How I Live Now
Opens Fri., Nov. 8 at Sundance. Rated R. 101 minutes.
Do teenagers even read the newspapers these days? (No, I know.) Or follow world events on Twitter or TV? Adapted from a 2004 young-adult novel by Meg Rosoff, this movie’s 17-year-old heroine has no interest in world affairs. Why, when she’s shipped from New York to stay with English cousins for the summer, are there armed soldiers at the airport? Petulant, eye-rolling Daisy (Saoirse Ronan) never considers such matters. She’s mad at her father back home, now remarried with a new baby on the way. She initially hates her cousins’ shabby-genteel country home, but never wonders why Aunt Penn, some sort of policy expert, is planning for a third European war.
When it comes, the force of a distant nuclear blast is portended by an eerie wind and frightened dogs. Then a light cloud of ash falls on stranded Daisy, 14-year-old Issac, little Piper, and handsome 18-year-old Eddie (George MacKay), a falconer upon whom Daisy had already developed a silent crush. With Aunt Penn away in Geneva, suddenly they’re a survivalist band in a nation without electricity, ruled by martial law, with roving guerrilla bands in the woods. Needless to say, Daisy will have to get over her teen angst and make like Katniss Everdeen in The Hunger Games. This Ronan does with authority. Once a bratty child in Atonement, she’s growing nicely into her nascent stardom.

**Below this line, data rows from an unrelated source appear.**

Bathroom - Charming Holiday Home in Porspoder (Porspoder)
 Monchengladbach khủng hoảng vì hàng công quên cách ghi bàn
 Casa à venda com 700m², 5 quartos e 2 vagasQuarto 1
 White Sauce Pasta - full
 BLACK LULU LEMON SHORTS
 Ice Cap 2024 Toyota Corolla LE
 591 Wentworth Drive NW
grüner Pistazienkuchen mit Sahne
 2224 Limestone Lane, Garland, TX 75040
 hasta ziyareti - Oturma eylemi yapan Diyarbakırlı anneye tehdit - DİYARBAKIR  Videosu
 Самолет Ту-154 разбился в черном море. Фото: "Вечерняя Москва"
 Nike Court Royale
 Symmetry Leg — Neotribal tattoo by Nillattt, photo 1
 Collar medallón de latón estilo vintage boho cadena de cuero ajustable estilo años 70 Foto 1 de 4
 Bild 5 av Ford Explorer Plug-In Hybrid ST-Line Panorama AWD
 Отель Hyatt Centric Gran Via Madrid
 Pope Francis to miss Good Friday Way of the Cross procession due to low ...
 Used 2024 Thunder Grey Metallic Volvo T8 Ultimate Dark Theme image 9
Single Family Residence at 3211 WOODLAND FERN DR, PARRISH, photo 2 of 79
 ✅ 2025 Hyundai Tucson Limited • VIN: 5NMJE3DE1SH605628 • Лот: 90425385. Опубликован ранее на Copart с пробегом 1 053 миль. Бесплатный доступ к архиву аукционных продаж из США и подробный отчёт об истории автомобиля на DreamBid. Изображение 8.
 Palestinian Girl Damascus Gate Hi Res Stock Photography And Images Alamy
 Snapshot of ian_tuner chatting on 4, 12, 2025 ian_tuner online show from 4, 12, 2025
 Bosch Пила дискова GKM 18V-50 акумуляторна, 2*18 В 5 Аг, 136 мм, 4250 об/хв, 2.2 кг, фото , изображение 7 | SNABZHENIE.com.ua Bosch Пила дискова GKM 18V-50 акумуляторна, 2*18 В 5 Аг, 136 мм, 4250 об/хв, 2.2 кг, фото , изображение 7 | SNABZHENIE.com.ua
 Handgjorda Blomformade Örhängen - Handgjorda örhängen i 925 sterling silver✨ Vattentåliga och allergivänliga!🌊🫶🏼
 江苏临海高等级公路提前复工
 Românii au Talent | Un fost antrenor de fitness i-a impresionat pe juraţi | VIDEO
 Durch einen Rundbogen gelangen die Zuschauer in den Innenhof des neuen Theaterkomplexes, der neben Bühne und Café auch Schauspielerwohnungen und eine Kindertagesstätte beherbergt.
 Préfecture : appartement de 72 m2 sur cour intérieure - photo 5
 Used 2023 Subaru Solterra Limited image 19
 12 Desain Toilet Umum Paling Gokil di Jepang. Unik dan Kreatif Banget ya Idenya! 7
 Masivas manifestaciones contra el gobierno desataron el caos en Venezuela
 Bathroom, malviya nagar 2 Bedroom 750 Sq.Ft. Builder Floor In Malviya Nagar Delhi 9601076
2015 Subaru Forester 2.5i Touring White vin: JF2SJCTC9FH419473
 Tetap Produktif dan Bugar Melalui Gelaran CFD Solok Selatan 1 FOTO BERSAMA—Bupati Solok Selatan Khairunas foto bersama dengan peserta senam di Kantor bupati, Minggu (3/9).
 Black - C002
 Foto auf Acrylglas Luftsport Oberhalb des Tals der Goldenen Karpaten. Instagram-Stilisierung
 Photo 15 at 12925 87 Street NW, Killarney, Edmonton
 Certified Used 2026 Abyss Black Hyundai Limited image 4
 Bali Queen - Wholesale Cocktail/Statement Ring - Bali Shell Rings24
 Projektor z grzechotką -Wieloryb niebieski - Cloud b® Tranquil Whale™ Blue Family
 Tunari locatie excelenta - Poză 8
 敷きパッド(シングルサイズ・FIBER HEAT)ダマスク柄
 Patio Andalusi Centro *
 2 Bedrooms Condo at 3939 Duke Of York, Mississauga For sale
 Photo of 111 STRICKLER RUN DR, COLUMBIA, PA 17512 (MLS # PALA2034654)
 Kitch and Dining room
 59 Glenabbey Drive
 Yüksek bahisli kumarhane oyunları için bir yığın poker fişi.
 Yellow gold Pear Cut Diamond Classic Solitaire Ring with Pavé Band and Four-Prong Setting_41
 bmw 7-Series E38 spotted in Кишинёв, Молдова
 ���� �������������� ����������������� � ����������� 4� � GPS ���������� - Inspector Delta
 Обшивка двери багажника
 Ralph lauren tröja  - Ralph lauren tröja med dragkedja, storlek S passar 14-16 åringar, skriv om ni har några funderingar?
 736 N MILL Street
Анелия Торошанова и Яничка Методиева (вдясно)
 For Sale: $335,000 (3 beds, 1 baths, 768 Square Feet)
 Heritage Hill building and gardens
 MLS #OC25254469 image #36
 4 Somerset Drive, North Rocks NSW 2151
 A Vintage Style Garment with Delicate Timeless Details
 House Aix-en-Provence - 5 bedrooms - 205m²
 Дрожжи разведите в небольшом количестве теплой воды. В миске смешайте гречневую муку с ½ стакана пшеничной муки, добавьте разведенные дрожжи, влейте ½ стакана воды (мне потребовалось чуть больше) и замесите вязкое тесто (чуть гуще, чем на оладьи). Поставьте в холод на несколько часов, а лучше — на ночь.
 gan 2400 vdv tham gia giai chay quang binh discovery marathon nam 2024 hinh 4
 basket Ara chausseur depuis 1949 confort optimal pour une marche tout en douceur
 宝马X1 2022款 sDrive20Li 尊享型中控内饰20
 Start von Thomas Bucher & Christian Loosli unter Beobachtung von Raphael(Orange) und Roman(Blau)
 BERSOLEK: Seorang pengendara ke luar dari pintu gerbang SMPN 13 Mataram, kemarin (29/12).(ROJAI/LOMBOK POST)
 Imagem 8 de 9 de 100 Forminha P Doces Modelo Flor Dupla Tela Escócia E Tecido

Kevin Macdonald might not seem the likeliest director for this post-apocalyptic teen romance, and the familiar first kisses and “I will find you!” declarations are pretty routine. Yet How I Live Now is weirder and stronger in depicting England’s descent into violence and near-fascism—like a prelude to Children of Men. A primal switch has been flipped, as if morality disappeared with the power grid. Then you remember how Macdonald’s The Last King of Scotland and Oscar-winning 1999 doc One Day in September (about the 1972 Munich Olympics terrorist attack) also charted the abrupt, bloody breakdown of society. Daisy, on her long trek to find Eddie, never asks who the enemy is or why the UK has become a police state. Since Macdonald isn’t directing this film for Times-reading grownups, maybe there’s no point to politics. Still, I think the movie’s intended audience may not remember a shirtless Eddie as much as it will the yipping foxes feasting on stacked corpses at an internment camp. It certainly changes Daisy—and for the better.